Chorizo and Eggs

It’s what’s for breakfast.  Life is good.

At Saturday's wedding: Ed, Gail, Paul, Donna, Darrell

On Saturday, we attended an opulent wedding and reception. Our friends have married off three daughters and a son, and any one of those weddings would have bankrupted us. We love our friends and are delighted they can send their children off in such great style … god knows they’ve earned it … but we’re secretly glad our daughter eloped back in 1995 and saved us the expense of a fancy wedding. And now that she’s a divorcee, we’re off the hook if she ever marries again. We’ll be there to cheer her on, though!

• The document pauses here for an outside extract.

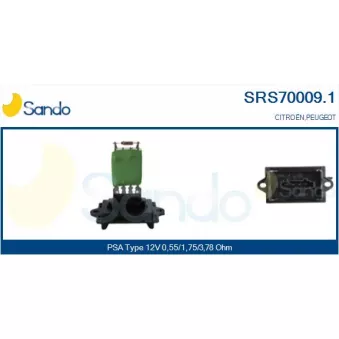 Résistance, pulseur d'air habitacle SANDO OEM 6441Q7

Friends from Australia are in town for a visit.  Last Monday we took them with us on our weekly walk through downtown Tucson; yesterday they came over for a pre-Memorial Day barbecue.  Donna baked an apple pie and I grilled Italian sausage, polenta, and veggies.  The recipes for our Italian-style barbecue are on my cooking blog, if you’d like to try it some day.

Speaking of grilled polenta, I accidentally dropped a slice on the brick patio, so I retrieved it and fed it to the dog later.  She was thrilled to get people food, because she hasn’t had any for months … since we found out she’s allergic to the grains that make up most kinds of dog food, we’ve had her on a strict raw food diet.  Polenta, of course, is nothing but grain, and I shouldn’t have given it to her, but who can resist those big brown eyes?  Not me!

I don’t have a plan for Memorial Day.  We barbecued yesterday, we’re not particularly interested in the Indy 500, and neither of us feel the need to go out.  It’s Monday again, so we have the weekly walk tonight, but that’s the only item on our agenda.  Well, that and some bloggage, so let’s get to it.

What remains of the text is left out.